----- PROVIDED RECORDS
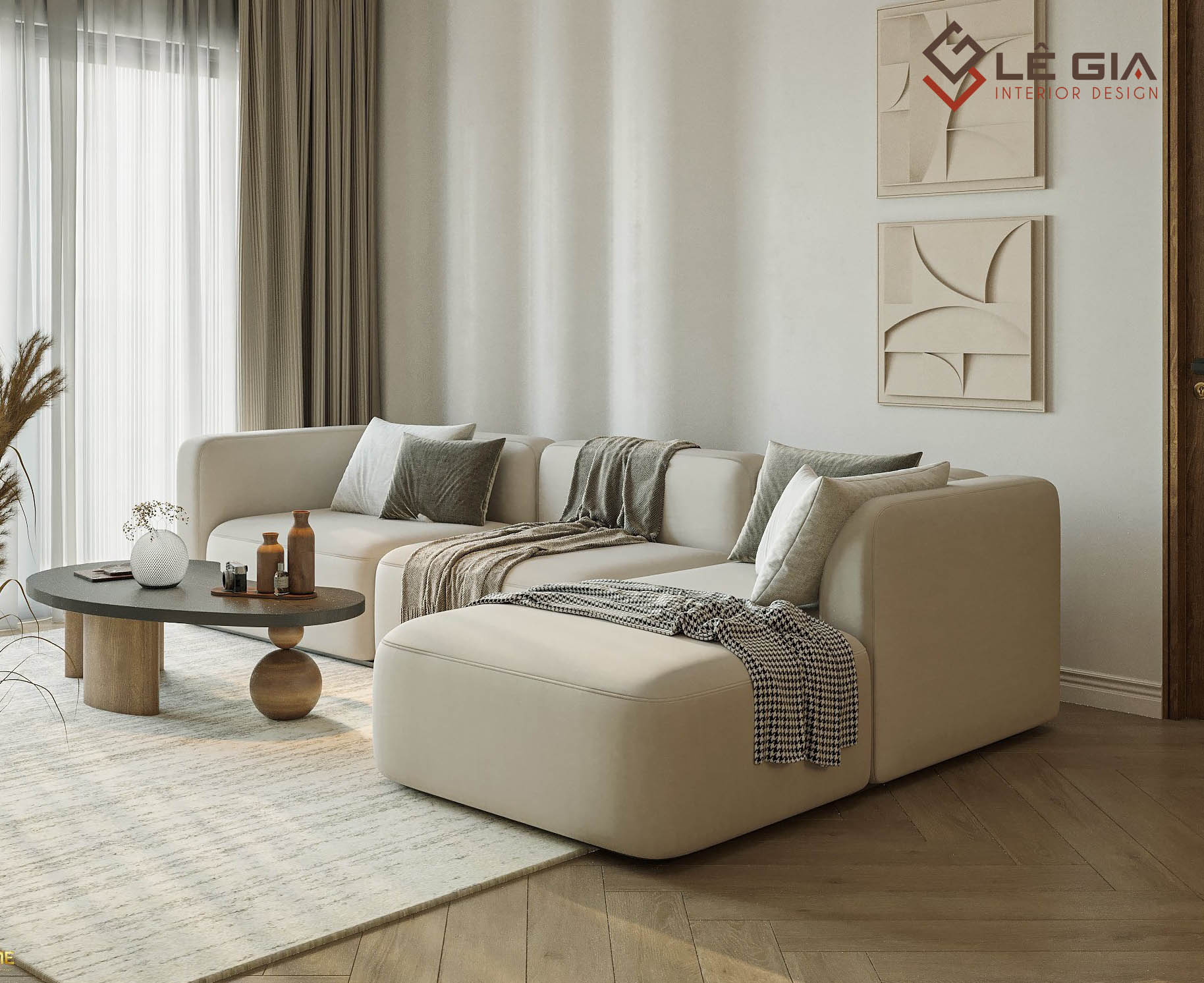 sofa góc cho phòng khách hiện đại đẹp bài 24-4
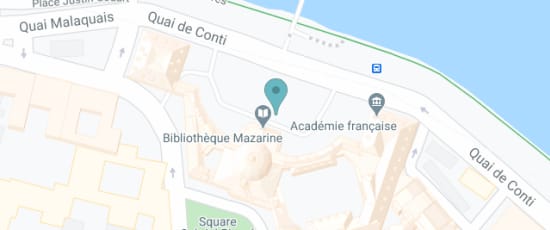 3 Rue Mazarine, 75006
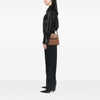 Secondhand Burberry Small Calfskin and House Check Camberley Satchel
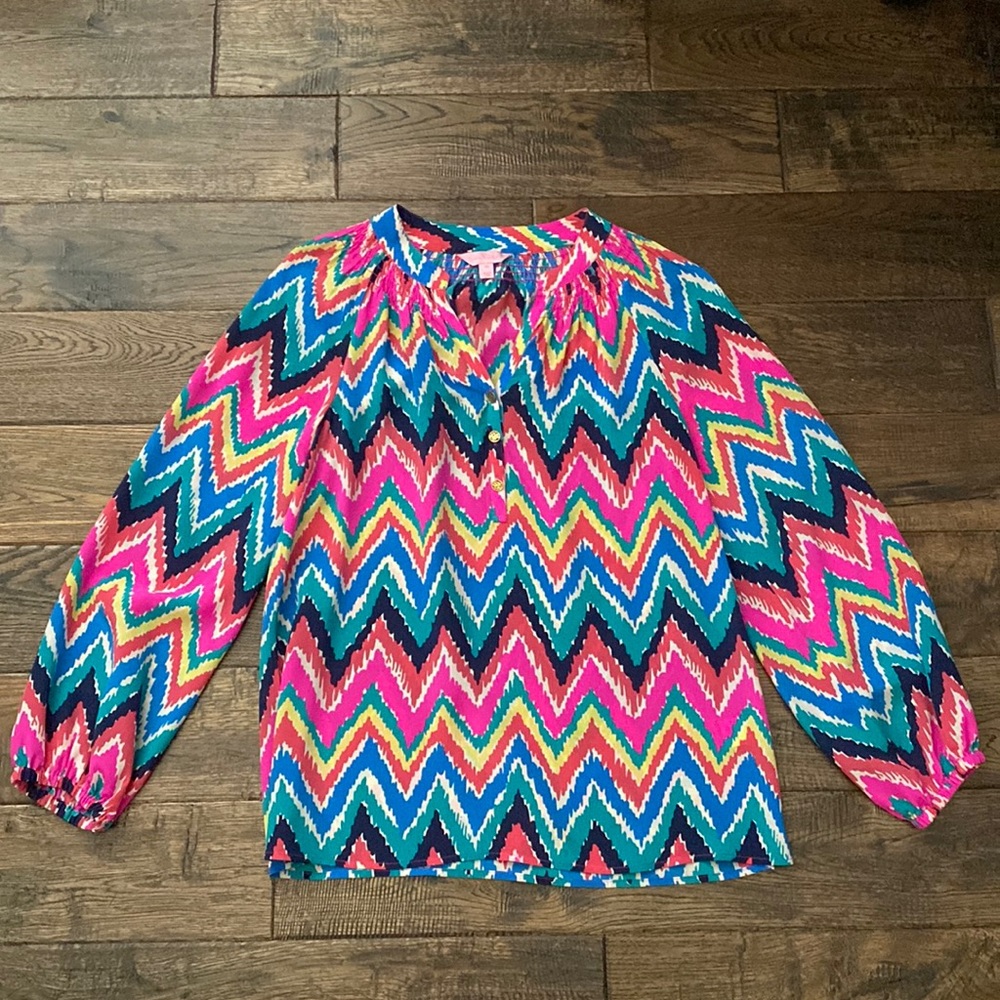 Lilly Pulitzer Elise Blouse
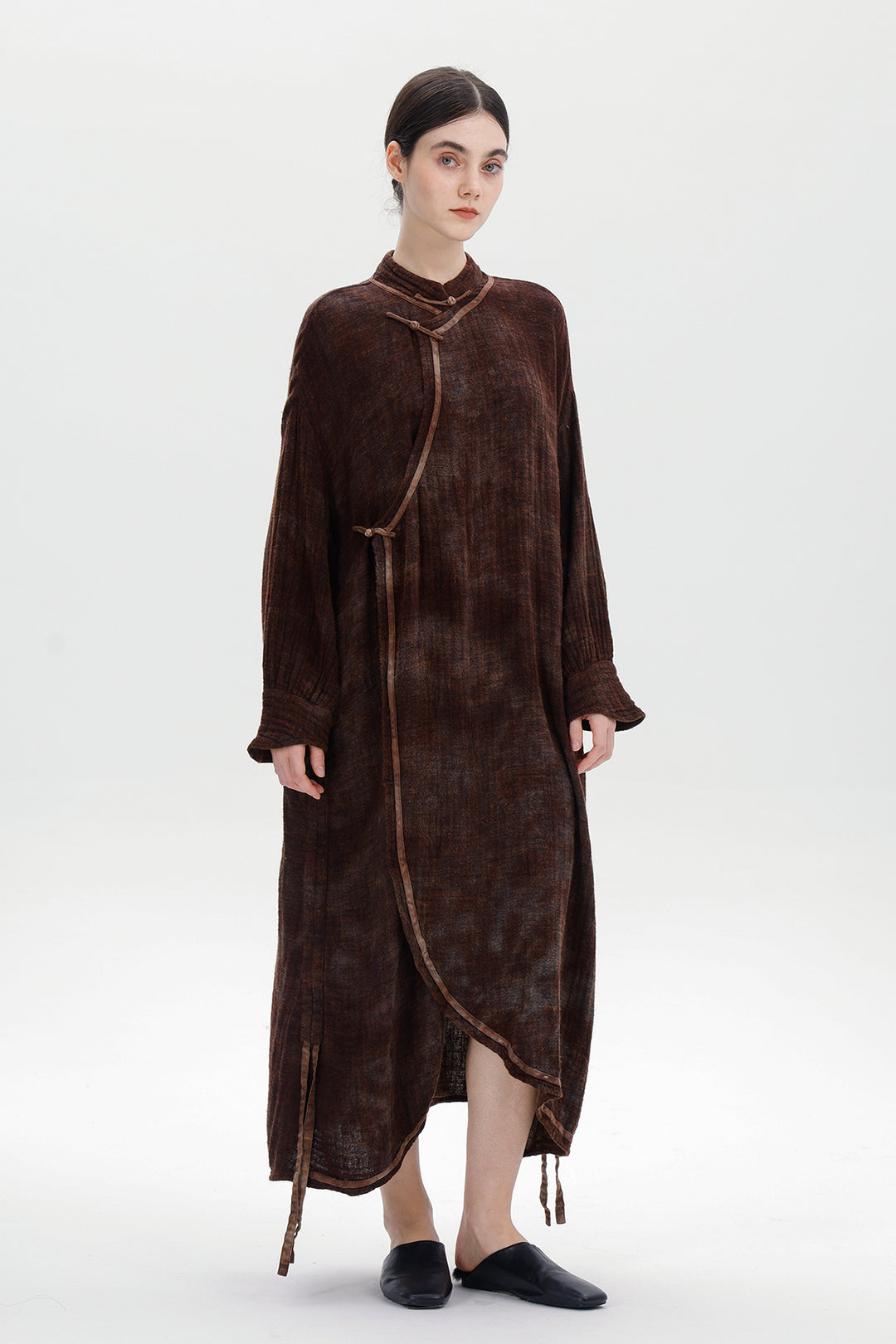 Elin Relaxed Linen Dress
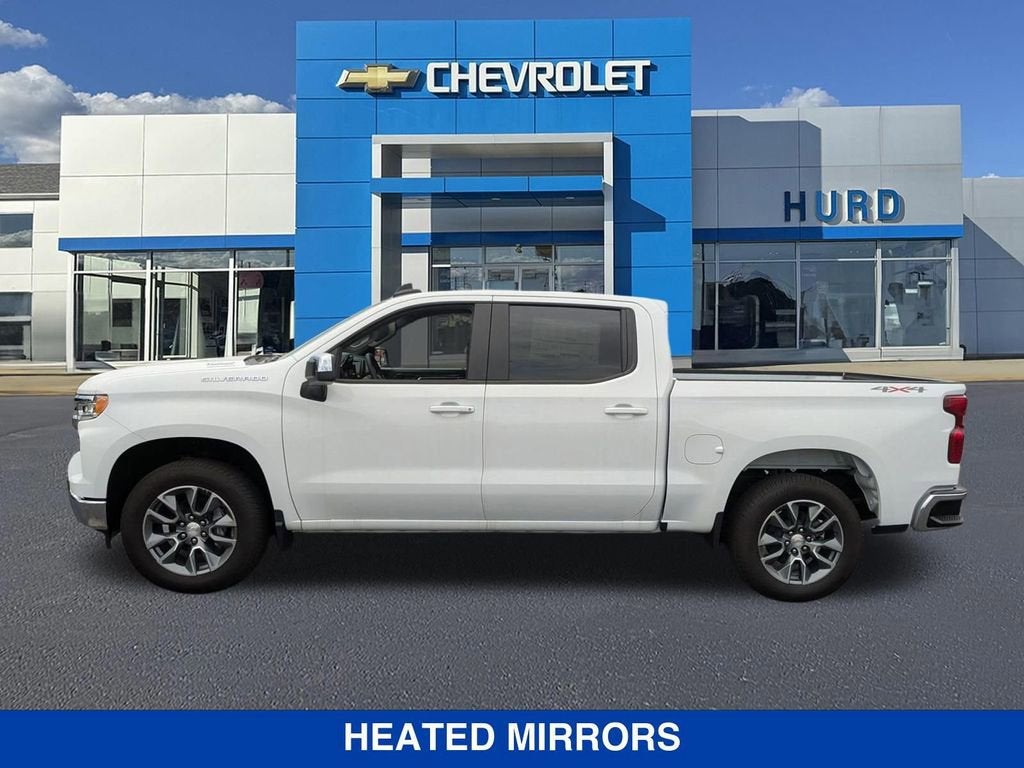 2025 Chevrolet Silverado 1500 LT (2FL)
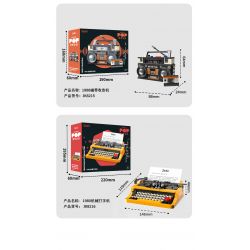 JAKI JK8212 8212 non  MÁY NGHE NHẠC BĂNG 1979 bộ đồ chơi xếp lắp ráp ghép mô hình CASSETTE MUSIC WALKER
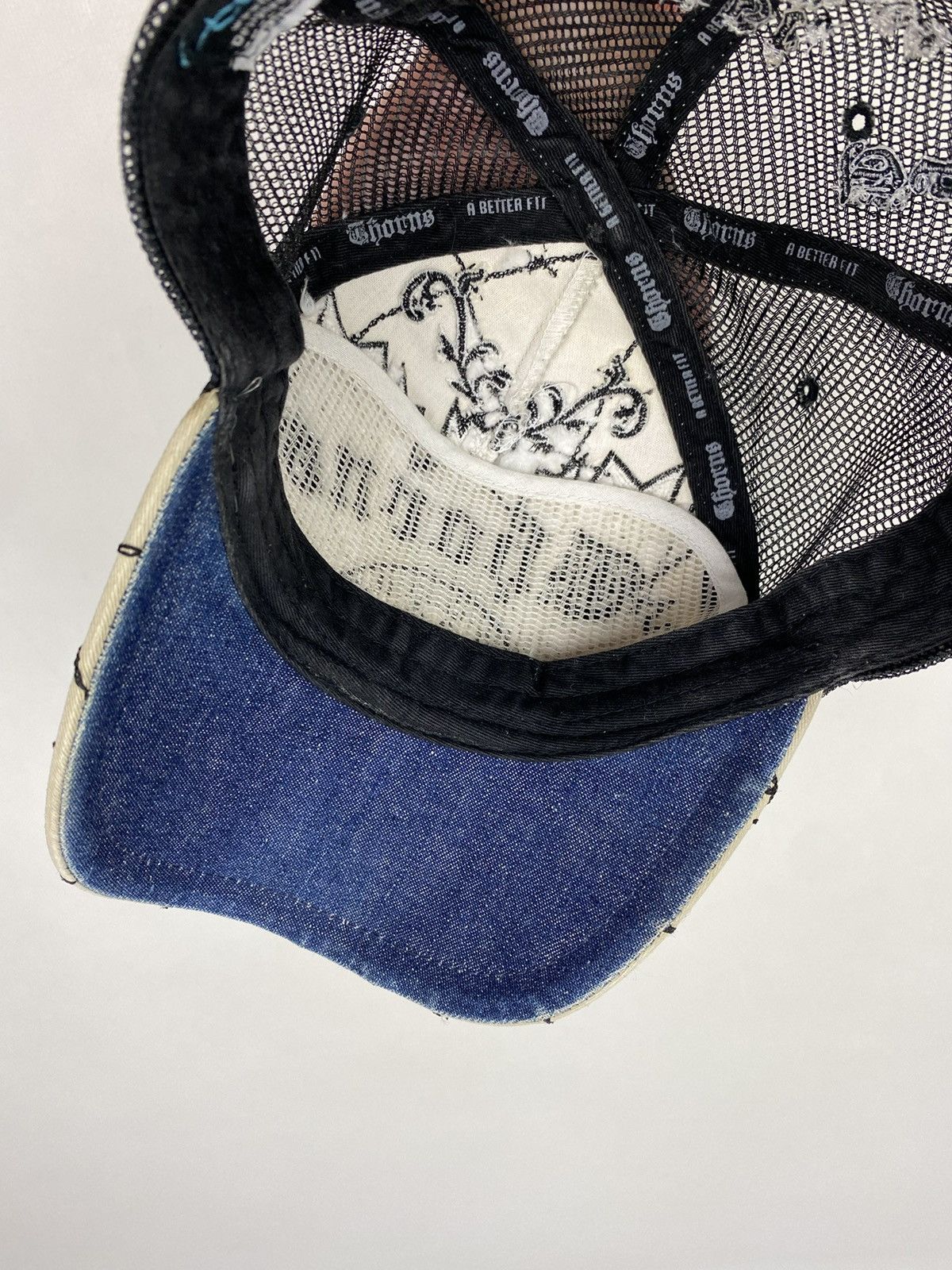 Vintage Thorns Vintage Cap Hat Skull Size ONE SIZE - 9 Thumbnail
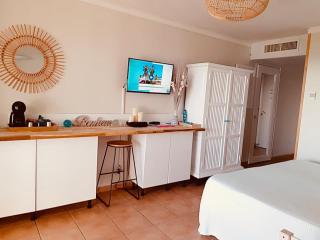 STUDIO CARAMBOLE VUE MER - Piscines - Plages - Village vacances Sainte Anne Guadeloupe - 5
----------
EXERCISE BRIEF: Word for word, copy the lines from the one with "Secondhand Burberry Small" through the end of the entries above, and do not include any picture.

SOLUTION TO THIS PROBLEM:
 Secondhand Burberry Small Calfskin and House Check Camberley Satchel
 Lilly Pulitzer Elise Blouse
 Elin Relaxed Linen Dress
 2025 Chevrolet Silverado 1500 LT (2FL)
 JAKI JK8212 8212 non  MÁY NGHE NHẠC BĂNG 1979 bộ đồ chơi xếp lắp ráp ghép mô hình CASSETTE MUSIC WALKER
 Vintage Thorns Vintage Cap Hat Skull Size ONE SIZE - 9 Thumbnail
 STUDIO CARAMBOLE VUE MER - Piscines - Plages - Village vacances Sainte Anne Guadeloupe - 5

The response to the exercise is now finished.